> **Task prompt**:
Copy out every line of the data that has the word "type" somewhere in it.

> **Data to examine**:
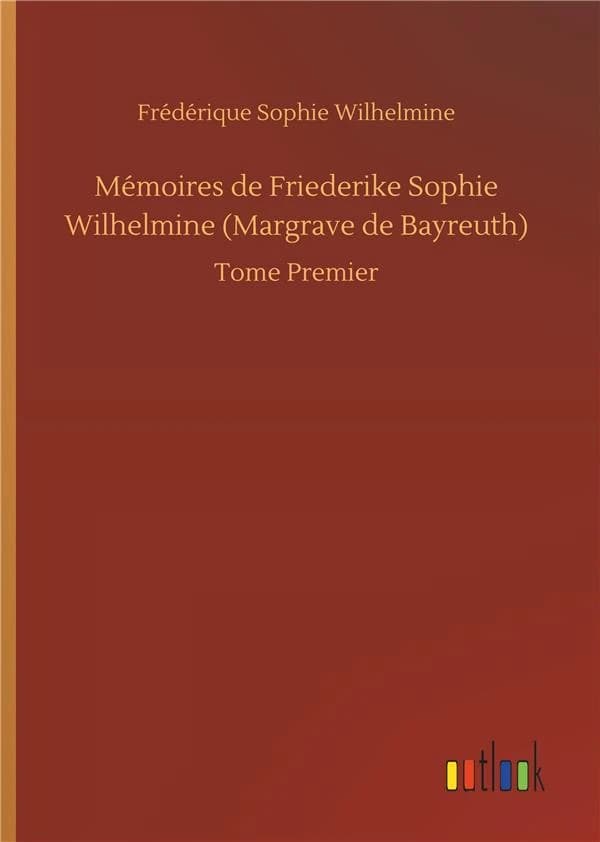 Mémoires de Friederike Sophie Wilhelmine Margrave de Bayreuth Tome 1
* * *
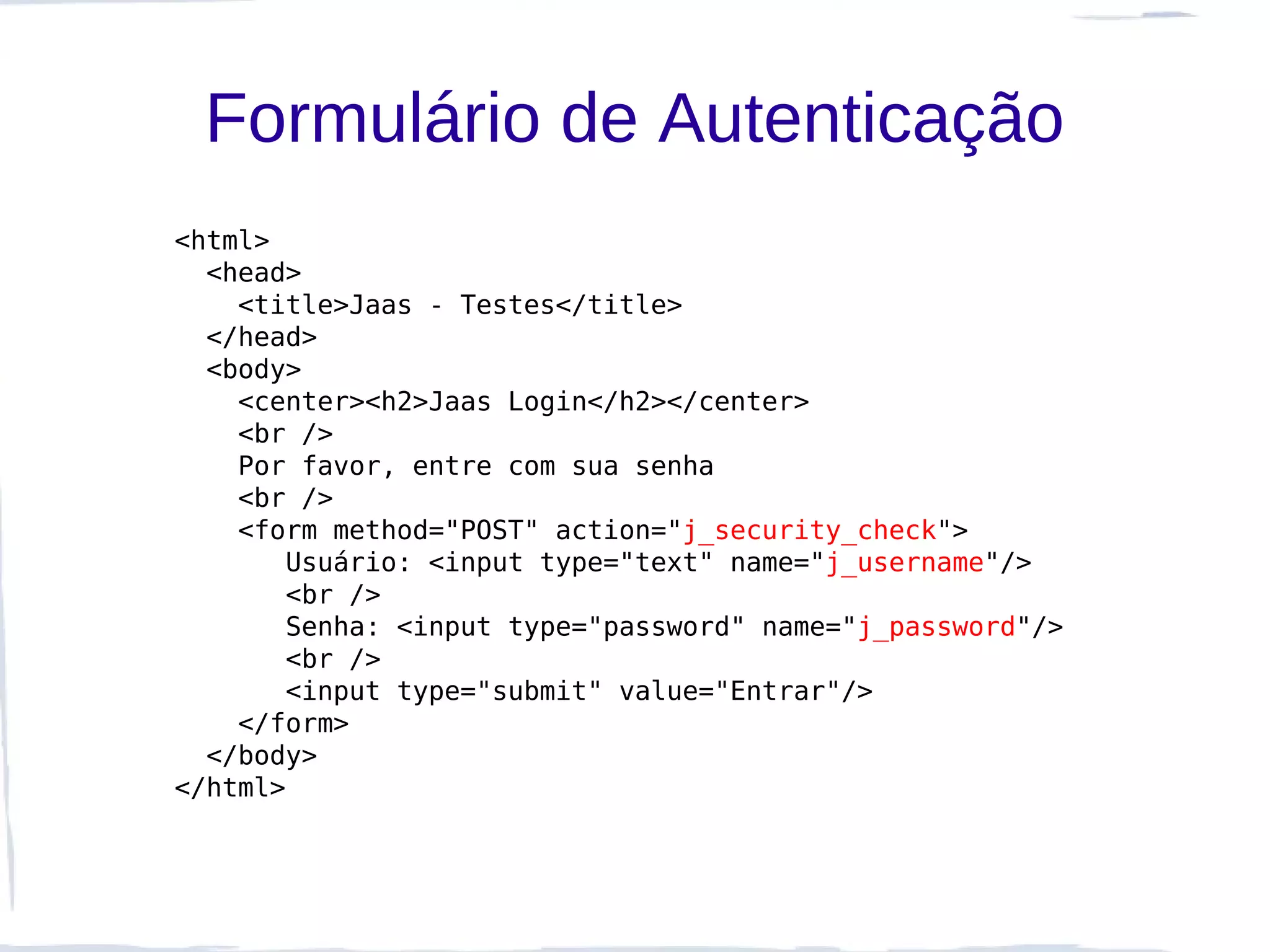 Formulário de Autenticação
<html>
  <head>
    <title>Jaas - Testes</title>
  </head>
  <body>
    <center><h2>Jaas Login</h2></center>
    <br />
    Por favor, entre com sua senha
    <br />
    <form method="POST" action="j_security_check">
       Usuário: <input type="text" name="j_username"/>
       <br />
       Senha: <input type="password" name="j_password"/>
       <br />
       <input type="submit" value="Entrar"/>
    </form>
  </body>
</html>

> **Task answer**:
       Usuário: <input type="text" name="j_username"/>
       Senha: <input type="password" name="j_password"/>
       <input type="submit" value="Entrar"/>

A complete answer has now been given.